The workflow first determines which Python versions should be processed.

  • If .github/release/python-tag-filter.txt exists, it is used as a filter (e.g. 3.13.*).
  • Otherwise, the workflow derives a filter from the latest upstream Python version.
  • Matching Python tags are collected and passed as a JSON matrix.

This keeps the workflow deterministic and avoids manual inputs while still allowing controlled releases.


2. Build & Package (Matrix Jobs)

For each discovered Python tag, the workflow runs a matrix build across:

  • Architectures (ppc64le, s390x)
  • Ubuntu versions (22.04, 24.04)

Key design choices:

  • fail-fast: false
    A failure on one architecture does not cancel other builds.
  • Each matrix job:
    • Builds the Python artifacts
    • Uploads them to GitHub Releases
    • Generates a partial manifest describing only its own artifacts

Partial manifests are uploaded as workflow artifacts and do not touch git.


3. Release Asset Finalization (release-assets job)

Once builds complete, a follow-up job ensures release assets are finalized per Python version.

  • Operates per Python tag (not per architecture)
  • Proceeds even if some architectures failed
  • Ensures release metadata is consistent

4. Manifest Aggregation (update-manifests job)

Instead of each build job pushing to the repository, a single aggregation job now runs:

  • Downloads all available partial manifest artifacts
    (missing artifacts are tolerated for failed architectures)
  • Merges partial manifests into the tracked data
  • Commits and pushes changes once, atomically

Concurrency is controlled so only one aggregation runs per ref.

If a build for one architecture fails, only that job needs to be rerun.
The regenerated partial manifest can then be recombined without restarting the full workflow.


Key Changes

Infrastructure & Security

  • Added retry logic (8 attempts, 5s delay) to dotnet-install.py to handle transient network failures
  • Upgraded Trivy to v0.68.2 with strict failure thresholds
  • Simplified Makefile by removing unnecessary sudo usage

Partial Manifest Tooling

  • generate_partial_manifest.py: Generates architecture-scoped partial manifests
  • apply_partial_manifests.py: Merges partial manifests
  • backfill-manifests.yml: Regenerates or fixes manifests for existing releases without rebuilding binaries
  • Added unit tests for manifest generation and merging logic

This prevents Trivy-generated assets from leaking into release metadata.


CI/CD Workflow Refactor

  • Removed git push operations from matrix jobs
  • Introduced a single aggregation step
  • Added concurrency controls to serialize updates
  • Disabled fail-fast to preserve successful builds

The pipeline now follows an Artifact → Aggregate → Commit model.


Technical Rationale

Pushing to main from within a matrix strategy caused race conditions and flaky failures.
The new aggregation model eliminates these issues and allows partial recovery without full reruns.


Verification

  • ✅ Unit tests for partial manifest generation and merging
  • ✅ Infrastructure validated with upgraded Trivy
  • ✅ Backfill workflow verified to parse tags and generate partial artifacts correctly

adilhusain-s and others added 12 commits December 24, 2025 10:04
- dotnet-install.py: Add retry logic (8 attempts) for JSON fetching to handle network flakes.
- Makefile: Upgrade Trivy to v0.68.2 and enforce build failure on High/Critical vulnerabilities.

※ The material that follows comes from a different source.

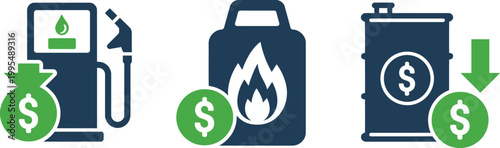 Fuel Price Drop Icon Set Vector, Gas Pump, Propane Tank, and Oil Barrel Symbols Representing Energy Cost Reduction, Market Trends, Economic Analysis, and Financial Forecast Concepts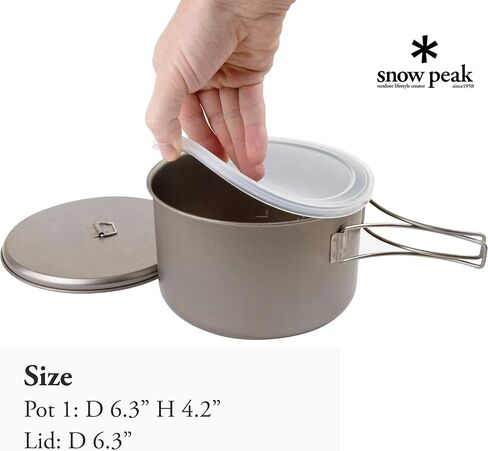 Snow Peak Titanium Cook & Save - Large Pot with Titanium & Plastic Lid - 2-Liter Capacity - 8.11 oz in Saudi Arabia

Signed-off-by: Adilhusain Shaikh <[email protected]>
- Add 'generate_partial_manifest.py' and 'apply_partial_manifests.py' scripts.
- Add 'backfill-manifests.yml' workflow to process partial manifests.
- Add unit tests for manifest generation and application logic.

Signed-off-by: Adilhusain Shaikh <[email protected]>

fix(tests): update error message assertion for invalid JSON handling

Signed-off-by: Adilhusain Shaikh <[email protected]>
- release-matching-python-tags: Target Python 3.13.* and implement concurrency groups.
- reusable-release-python-tar: Remove direct Git push logic; generate partial manifest artifacts instead.
- release-matching-python-tags: Add 'update-manifests' job to aggregate partials and commit atomically.
- Optimize 'max-parallel' and disable 'fail-fast' for better resilience.

Signed-off-by: Adilhusain Shaikh <[email protected]>
- Drop legacy manifest files for Python 3.9, 3.10, 3.11, and 3.12.
- Add and update manifest definitions for Python 3.13.x and 3.14.x on ppc64le and s390x architectures.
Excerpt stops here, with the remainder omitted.